* Your task: Only the pictures are to be left out; return the rest of the data exactly as it stands.

* Records supplied:
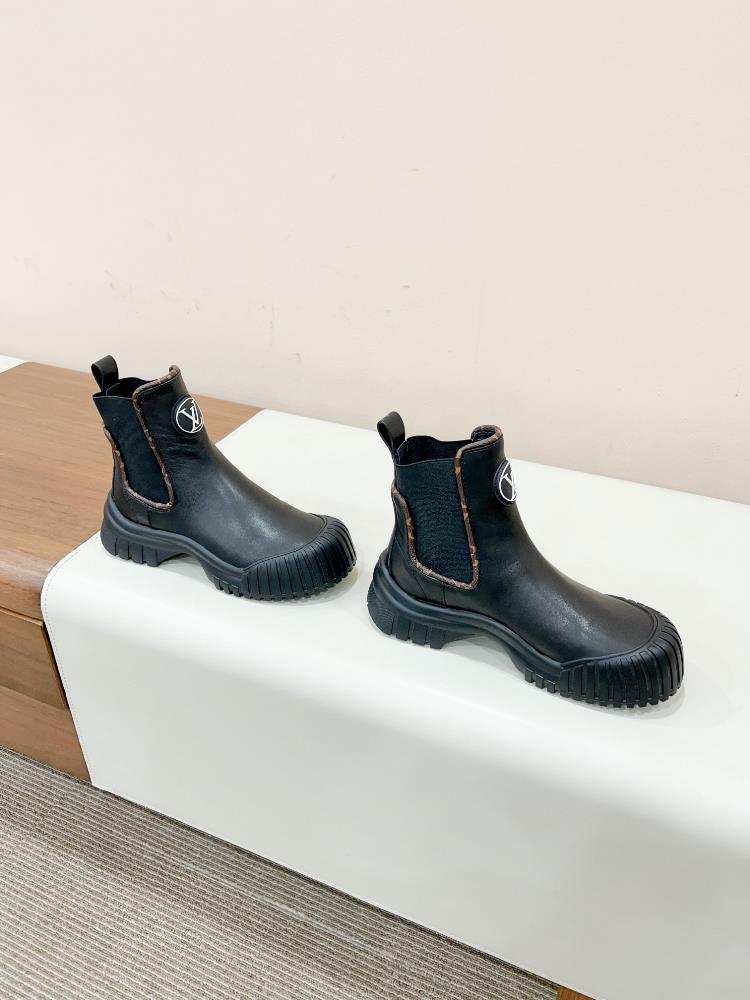 CertifiedLatest AutumnWinter Ruby Big Head Flat Bottom Short BootsShort boots inspire tre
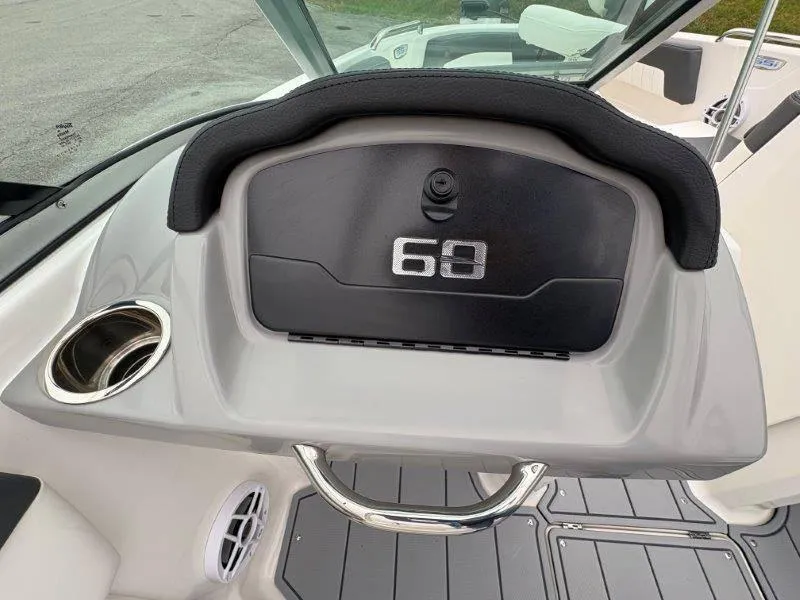 Slide: The Image of Chaparral 21 SSi Ski & Fish 2025 - 44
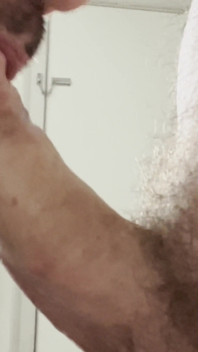 Un Papa Se Fait Sucer, Baiser Et Jouit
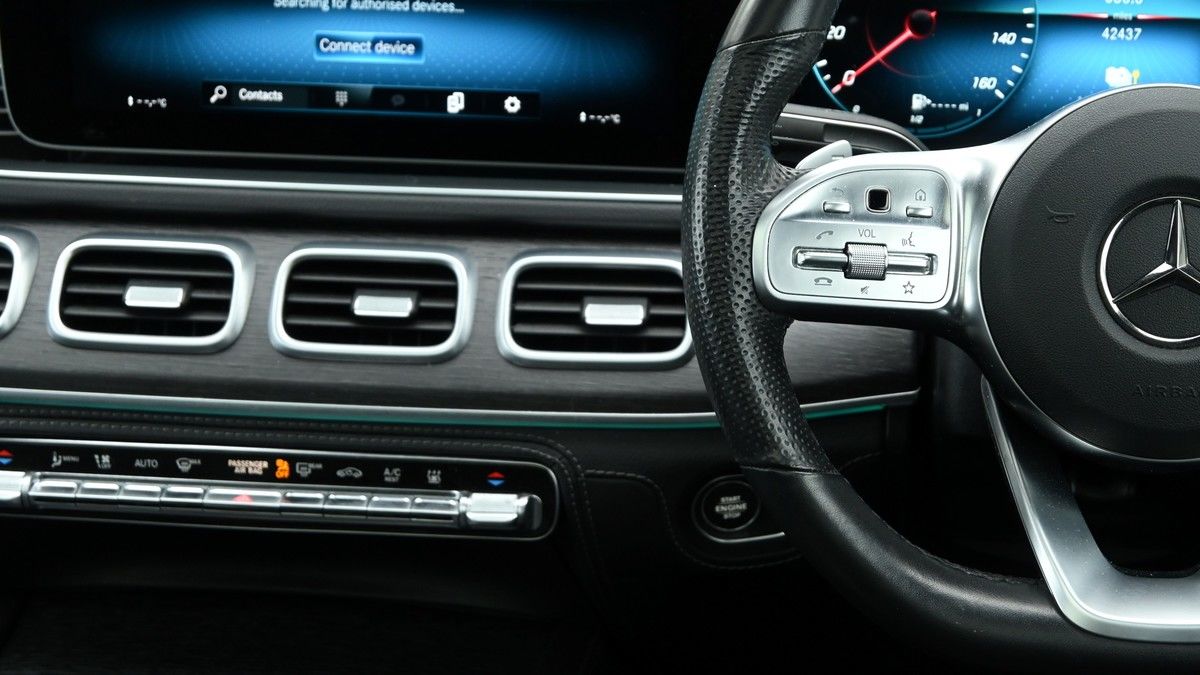 Mercedes-Benz GLE Image 15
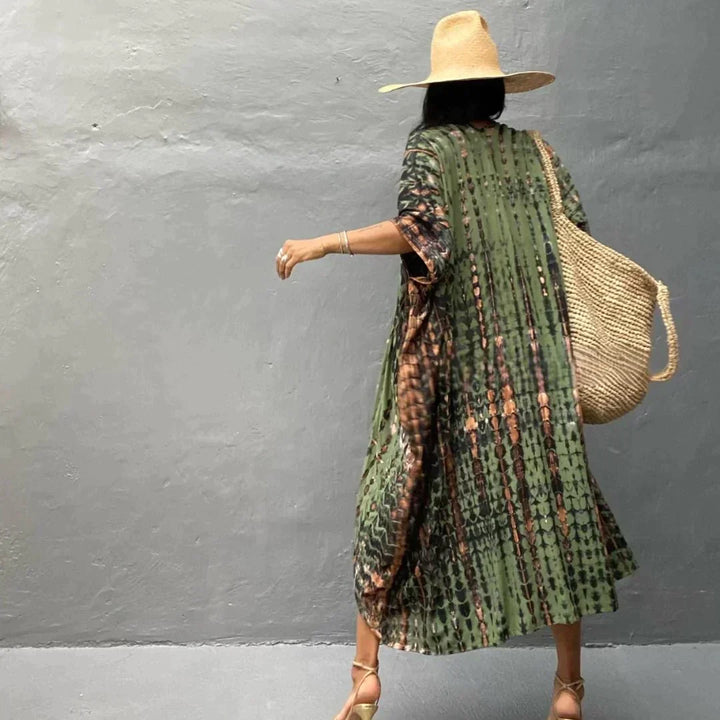 Leichter, fließender Damen Sommerkaftan in Armeegrün, ein stilvoller Überwurf für den Strand oder entspannte Urlaubstage.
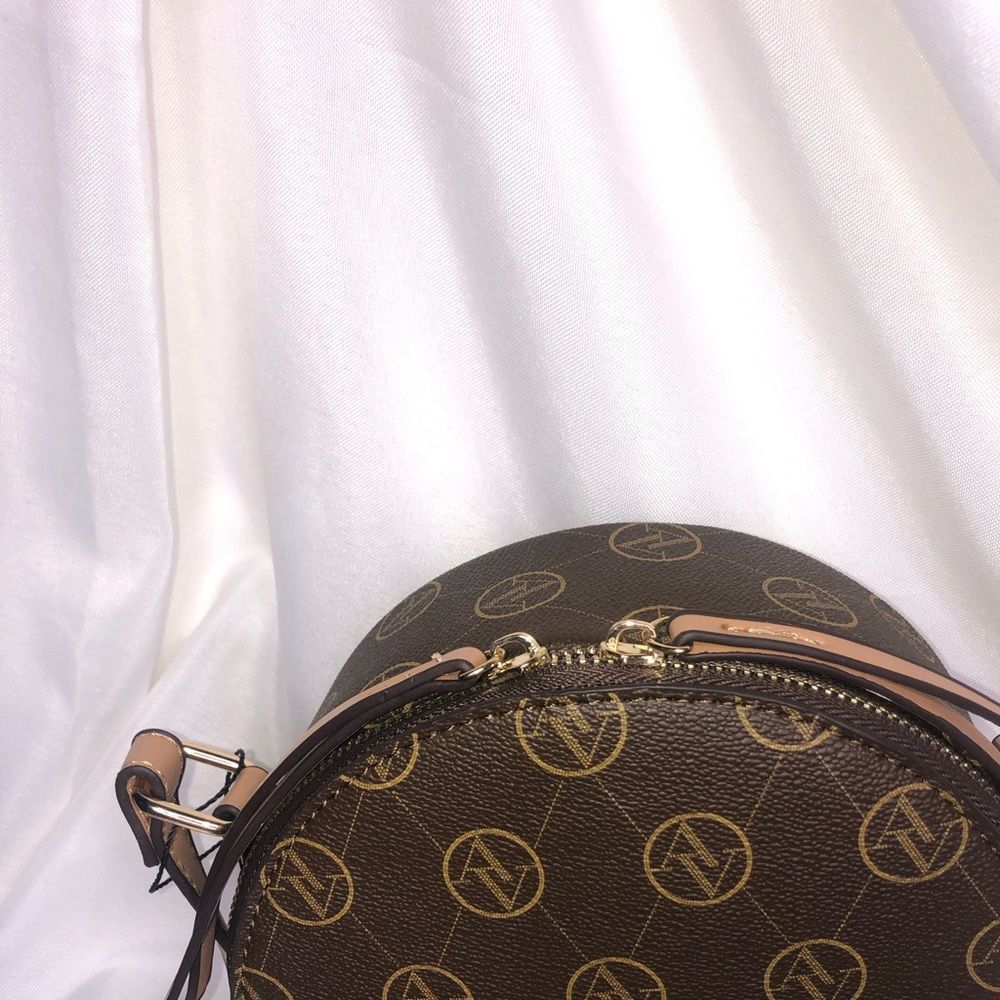 Unique Coated Canvas AV Bag - Picture 8 of 10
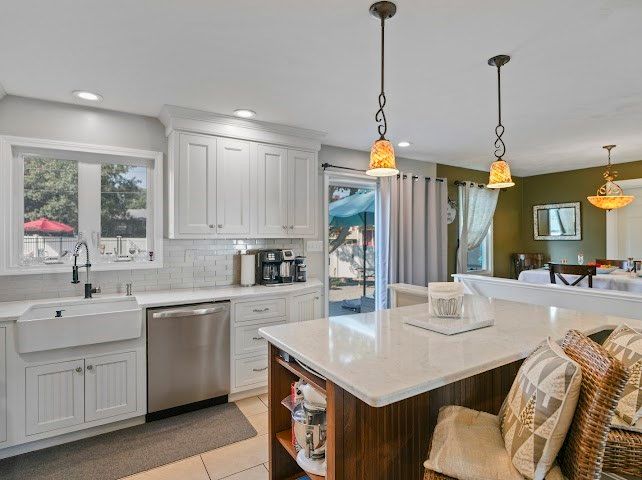 Dining room, Interior, Kitchen, Pendant Lights, Recessed Lighting, Stainless Steel Appliances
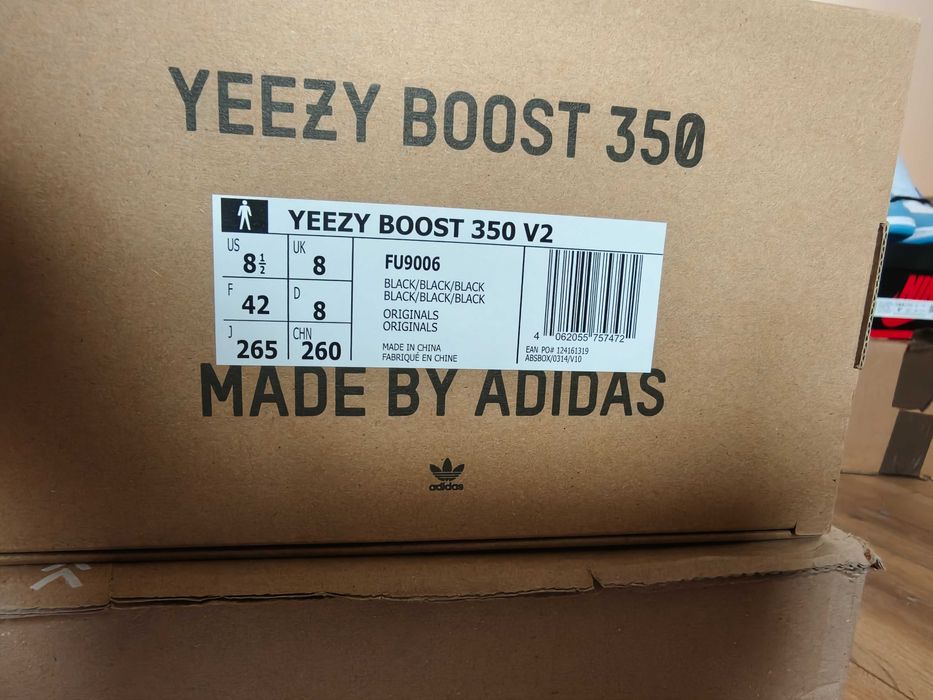 Nowe Yeezy 350 v2 Black 42 / 8.5 ORYGINALNE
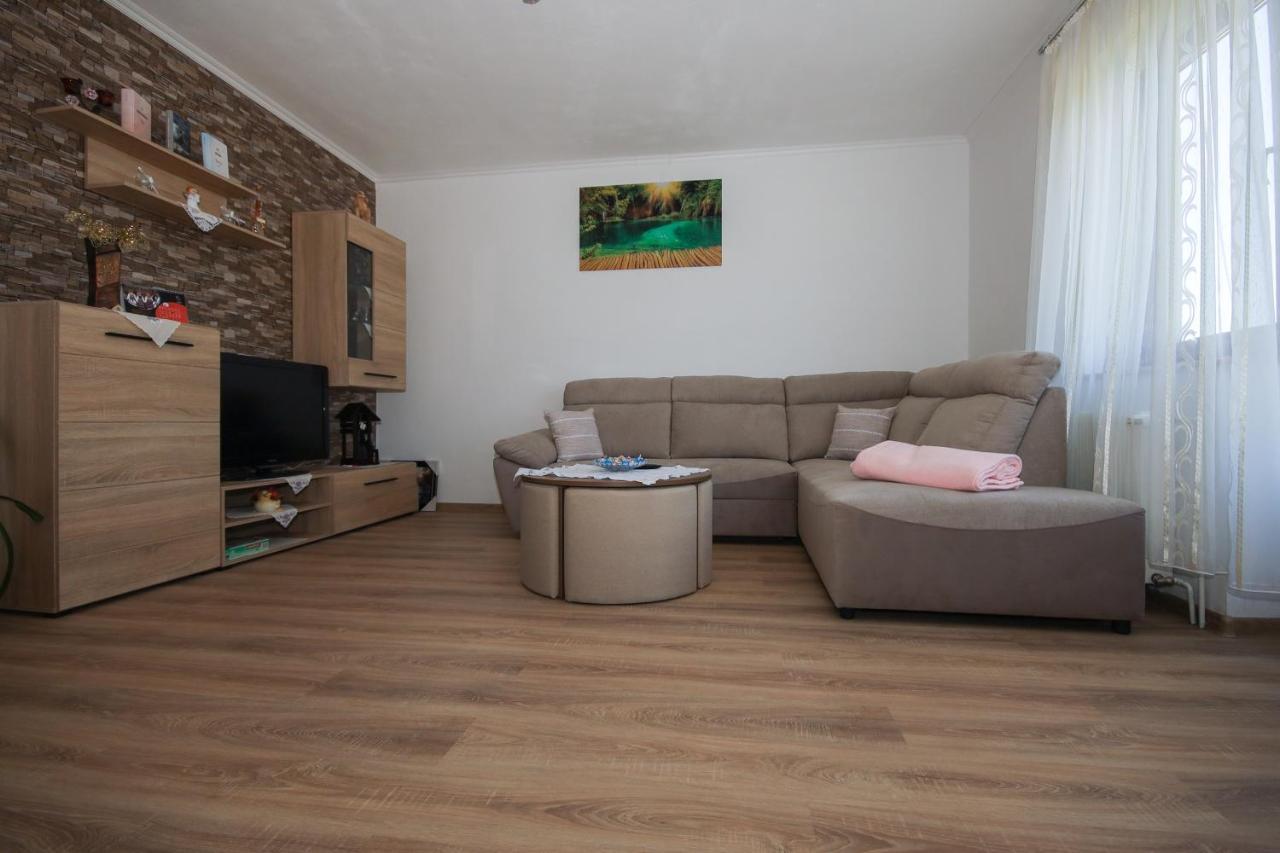 Apartman Lucija & Luka Otočac Eksteriør billede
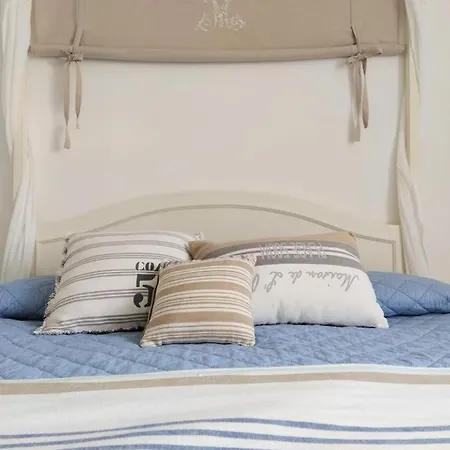 Dimora Mediterranea Bed & Breakfast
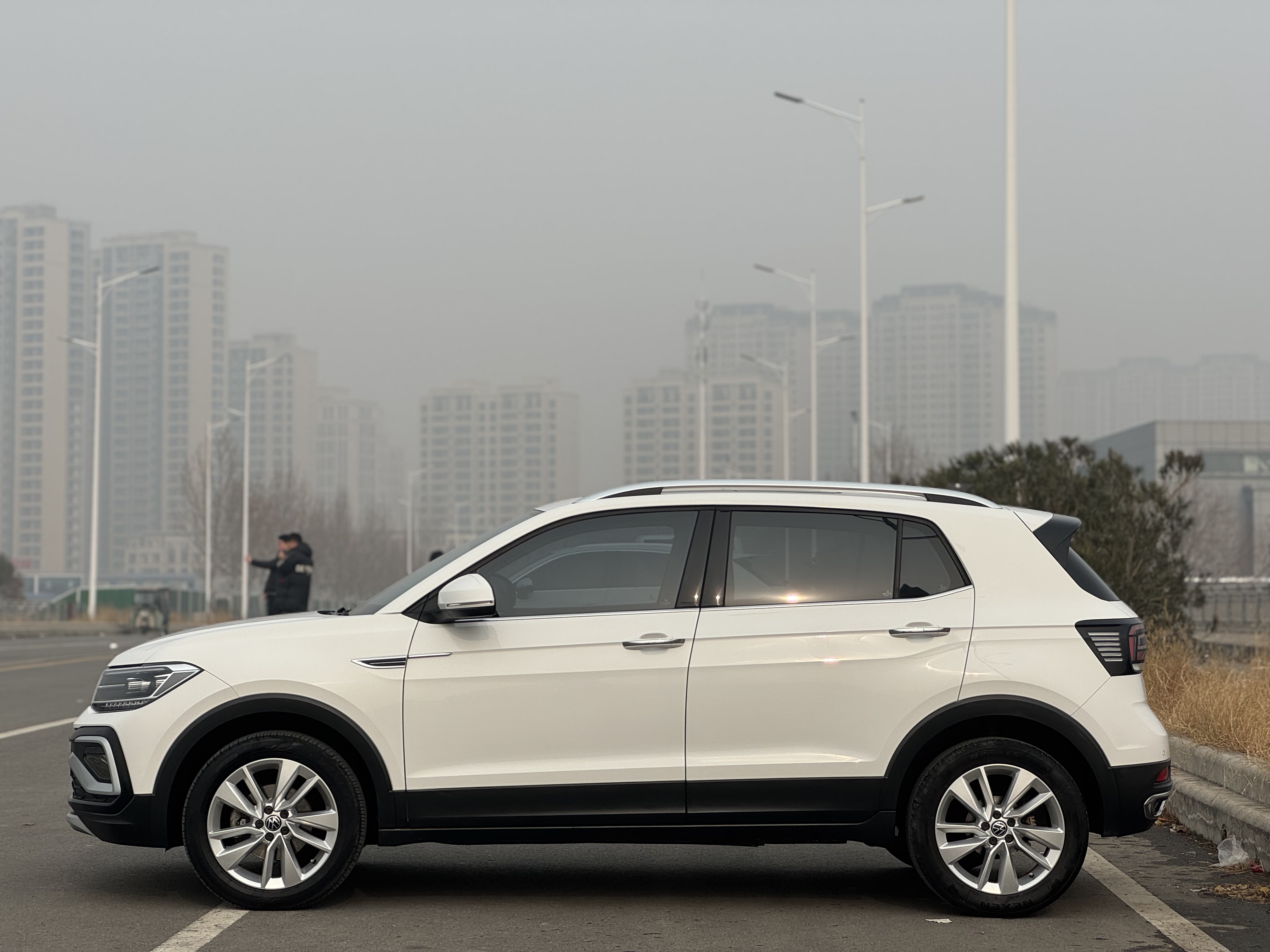 Volkswagen T-Cross 2021 car image #4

* Exercise response:
 CertifiedLatest AutumnWinter Ruby Big Head Flat Bottom Short BootsShort boots inspire tre
 Slide: The Image of Chaparral 21 SSi Ski & Fish 2025 - 44
 Un Papa Se Fait Sucer, Baiser Et Jouit
 Mercedes-Benz GLE Image 15
 Leichter, fließender Damen Sommerkaftan in Armeegrün, ein stilvoller Überwurf für den Strand oder entspannte Urlaubstage.
 Unique Coated Canvas AV Bag - Picture 8 of 10
 Dining room, Interior, Kitchen, Pendant Lights, Recessed Lighting, Stainless Steel Appliances
 Nowe Yeezy 350 v2 Black 42 / 8.5 ORYGINALNE
 Apartman Lucija & Luka Otočac Eksteriør billede
 Dimora Mediterranea Bed & Breakfast
 Volkswagen T-Cross 2021 car image #4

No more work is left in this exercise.